### Exercise directions
Print the line containing "525 Capri K Delray Beach FL 33484" and all lines after it to the end of the records below, exactly as written. No pictures.

------ Records for this task ------

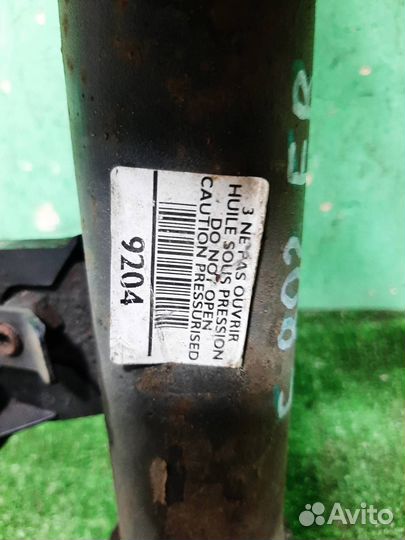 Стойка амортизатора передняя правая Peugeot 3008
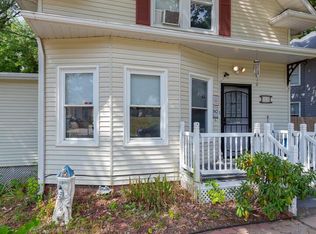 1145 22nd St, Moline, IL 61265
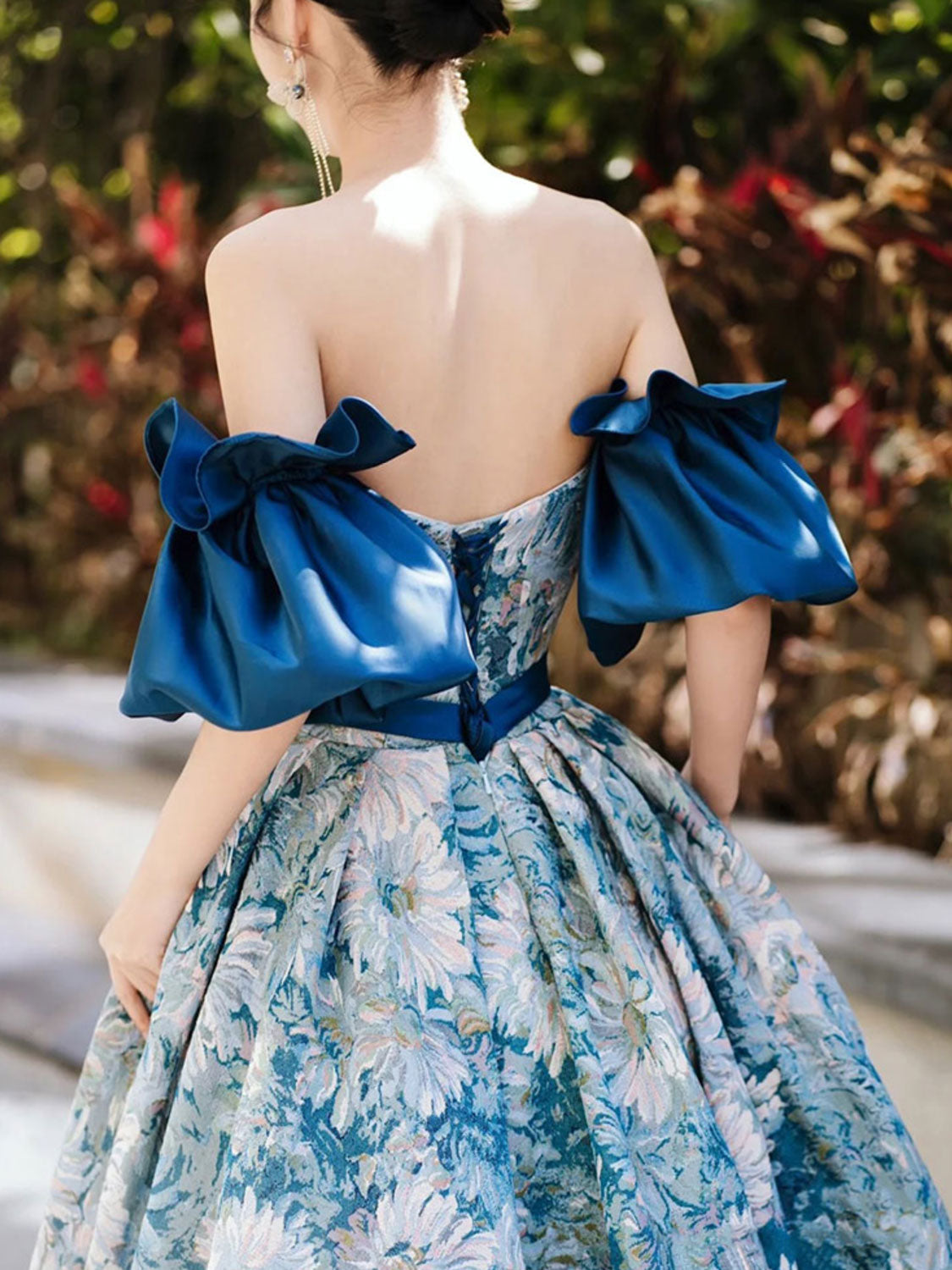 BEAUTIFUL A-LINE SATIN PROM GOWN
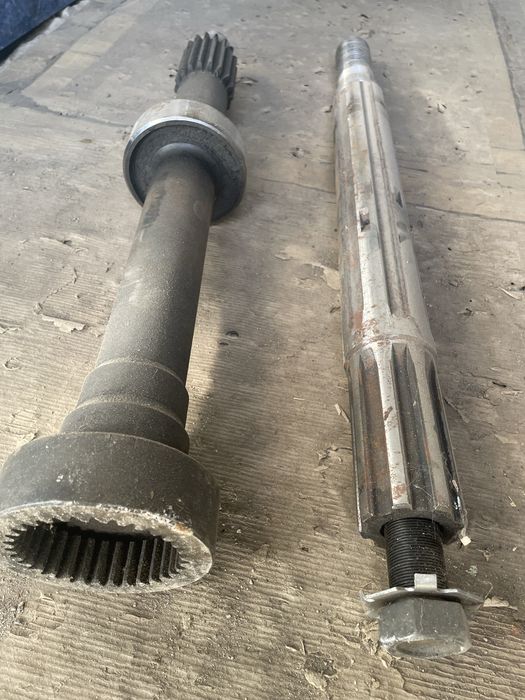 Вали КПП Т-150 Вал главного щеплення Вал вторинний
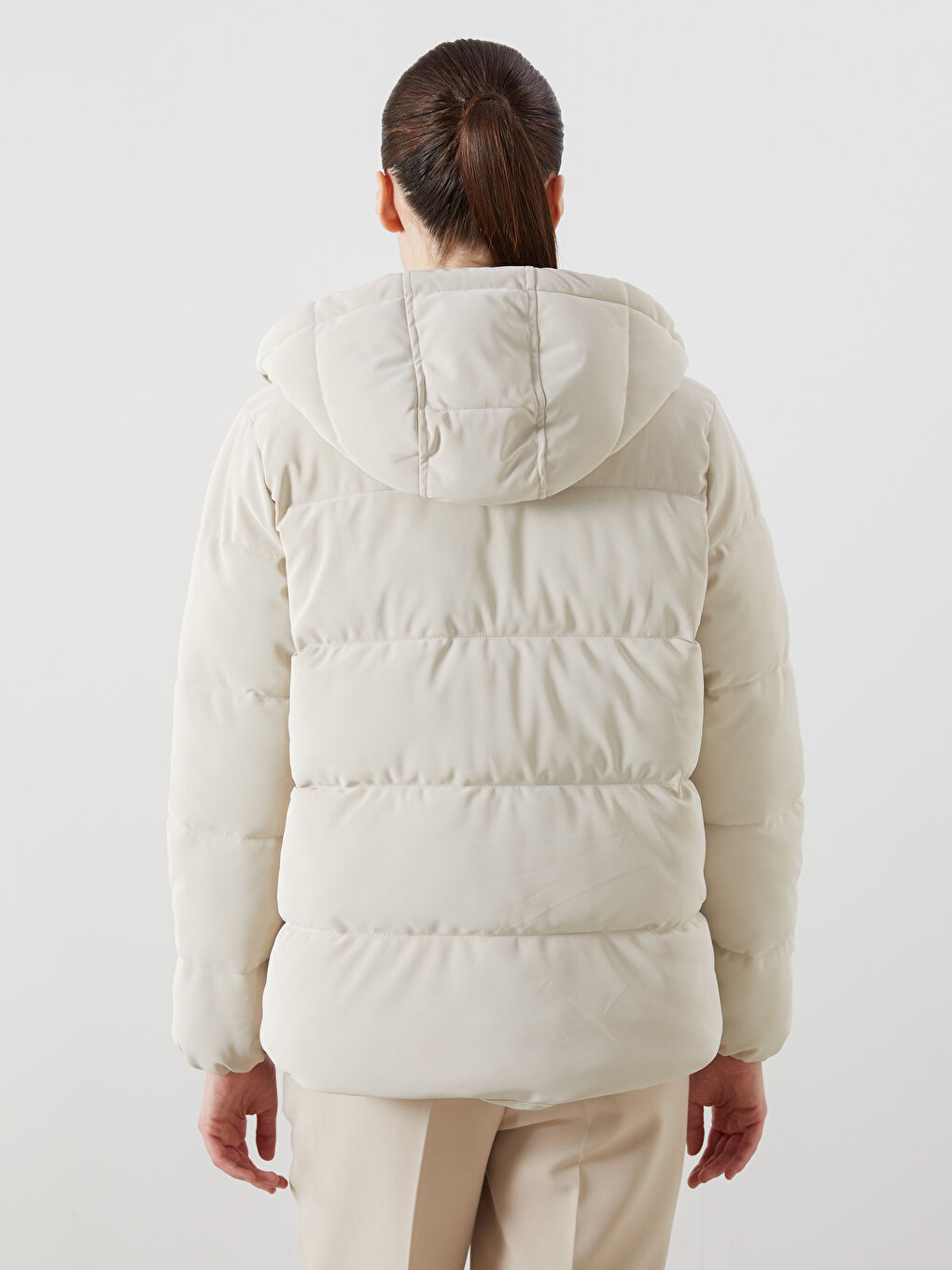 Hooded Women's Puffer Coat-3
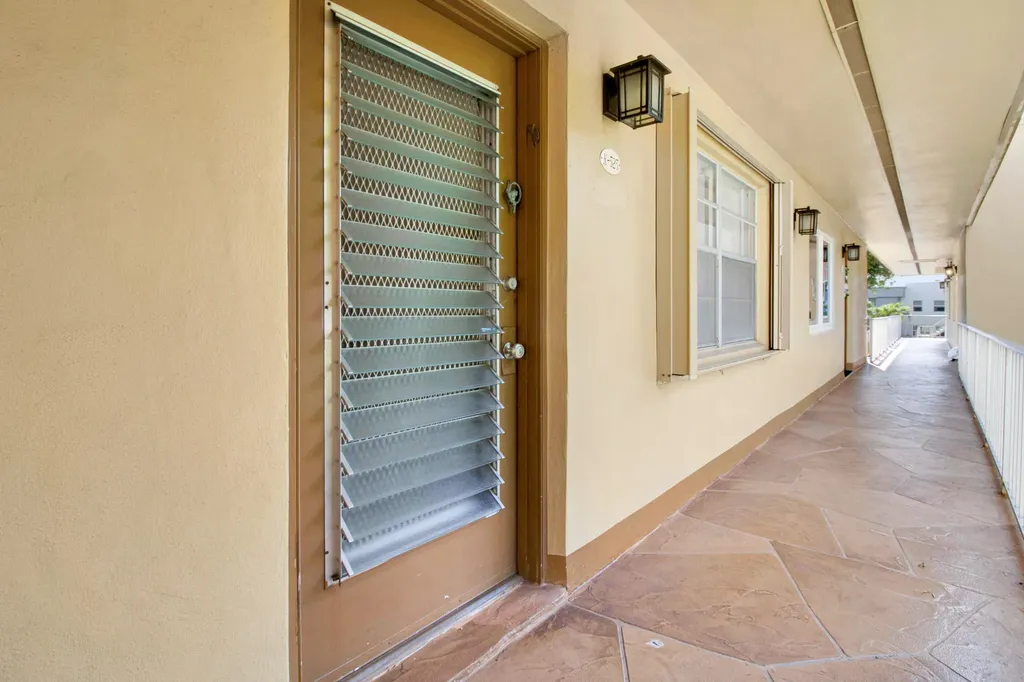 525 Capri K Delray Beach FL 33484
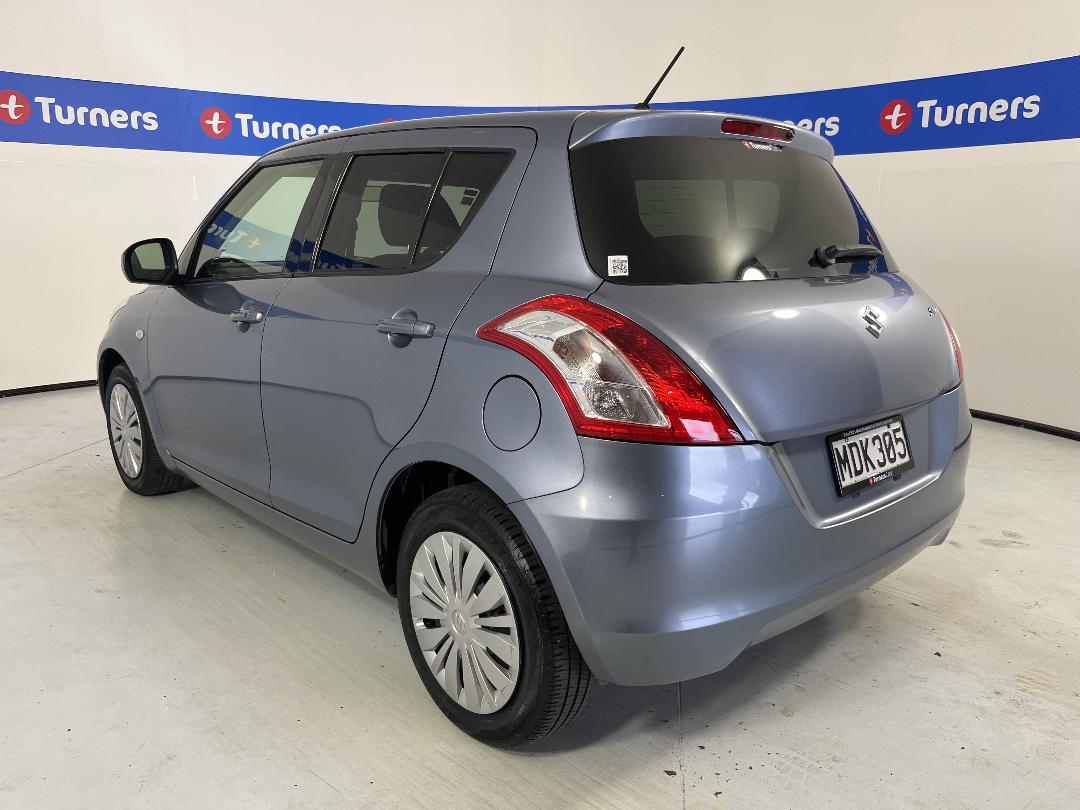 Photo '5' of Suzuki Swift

------

### Solution for this exercise
 525 Capri K Delray Beach FL 33484
 Photo '5' of Suzuki Swift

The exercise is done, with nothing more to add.